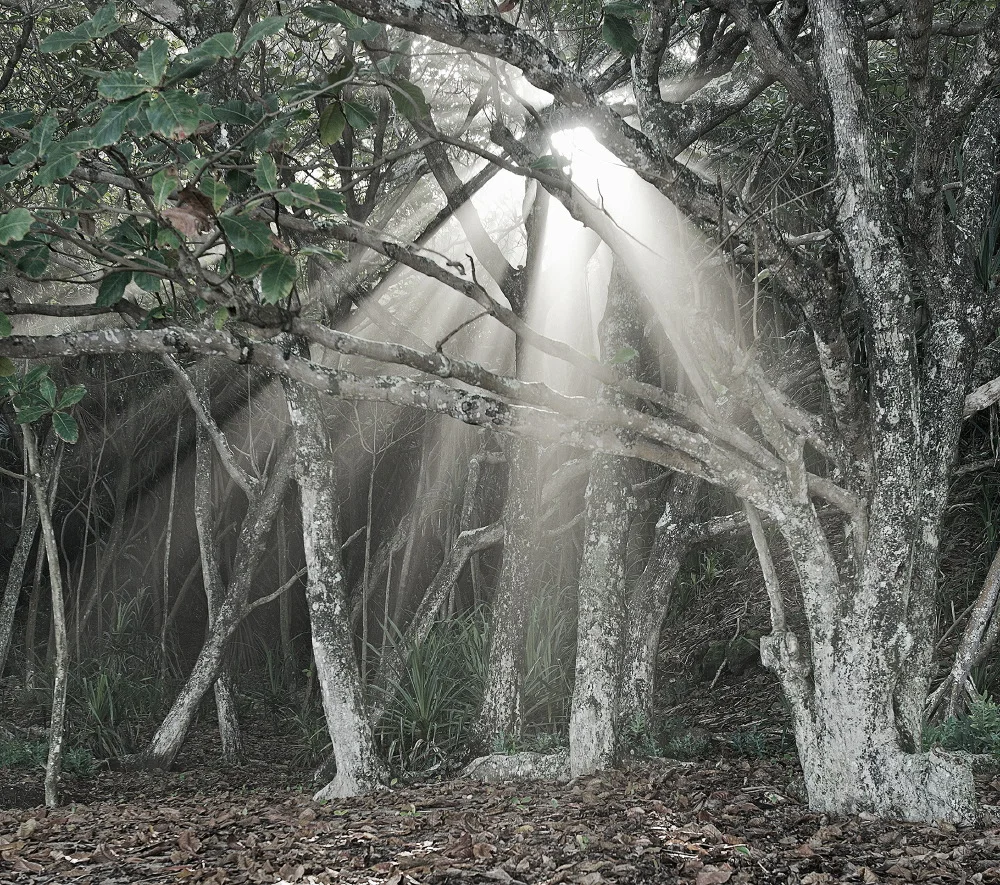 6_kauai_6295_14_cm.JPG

==

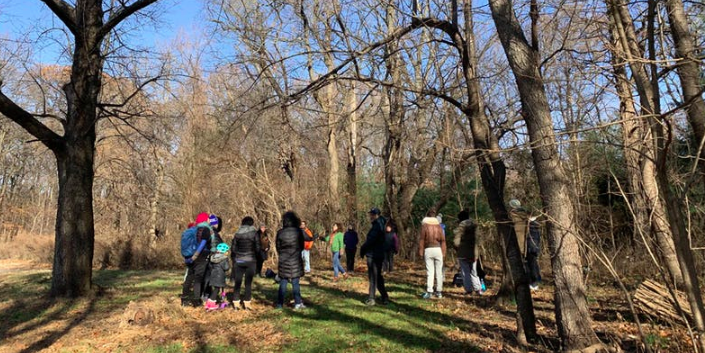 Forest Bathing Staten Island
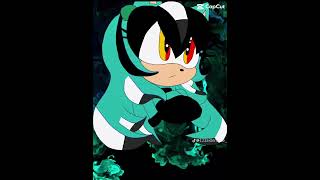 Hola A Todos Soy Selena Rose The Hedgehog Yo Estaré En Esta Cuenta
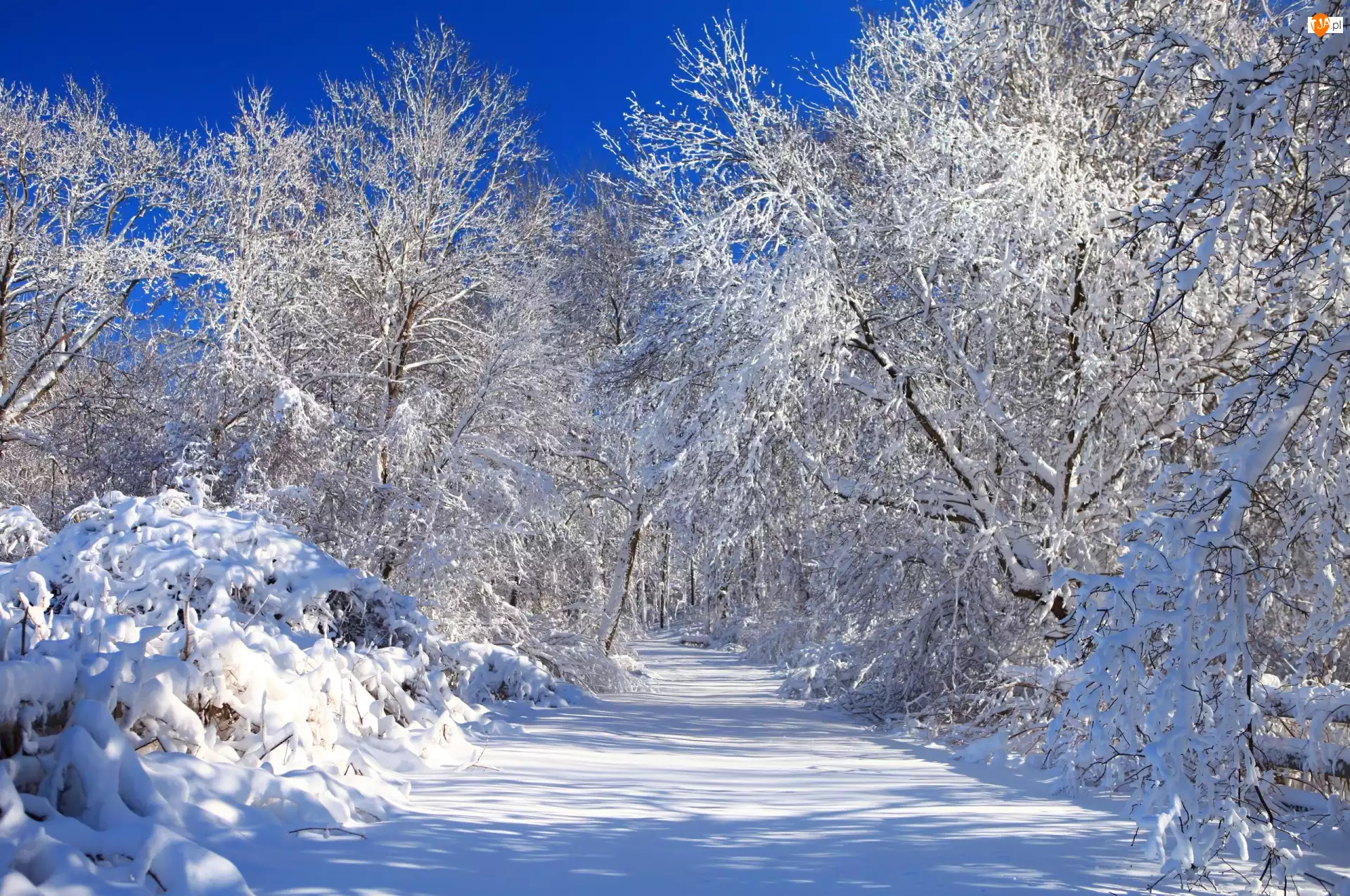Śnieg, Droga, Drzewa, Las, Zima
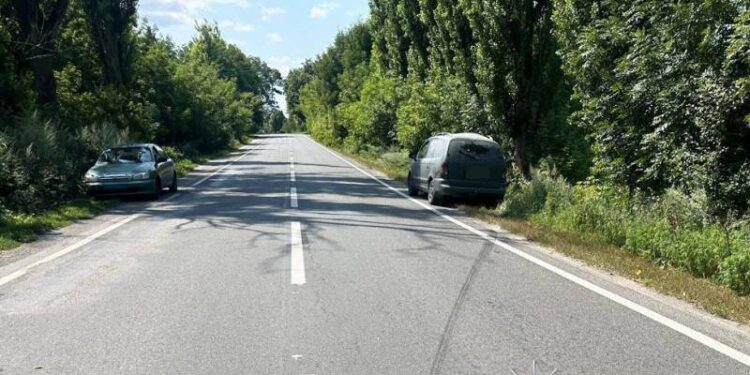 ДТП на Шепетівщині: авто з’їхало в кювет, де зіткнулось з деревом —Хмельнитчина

...

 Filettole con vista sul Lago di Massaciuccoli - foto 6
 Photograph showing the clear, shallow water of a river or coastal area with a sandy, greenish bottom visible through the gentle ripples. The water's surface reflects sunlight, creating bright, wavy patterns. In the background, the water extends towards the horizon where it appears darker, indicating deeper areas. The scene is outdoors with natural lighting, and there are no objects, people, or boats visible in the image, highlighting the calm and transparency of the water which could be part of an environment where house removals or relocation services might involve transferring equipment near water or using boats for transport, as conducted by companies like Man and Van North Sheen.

*Work to complete*
Of the entries above, repeat exactly the lines between the line with "Filettole con vista" and the line with "Photograph showing the", inclusive, and no others.

*Answer for the task*
 Filettole con vista sul Lago di Massaciuccoli - foto 6
 Photograph showing the clear, shallow water of a river or coastal area with a sandy, greenish bottom visible through the gentle ripples. The water's surface reflects sunlight, creating bright, wavy patterns. In the background, the water extends towards the horizon where it appears darker, indicating deeper areas. The scene is outdoors with natural lighting, and there are no objects, people, or boats visible in the image, highlighting the calm and transparency of the water which could be part of an environment where house removals or relocation services might involve transferring equipment near water or using boats for transport, as conducted by companies like Man and Van North Sheen.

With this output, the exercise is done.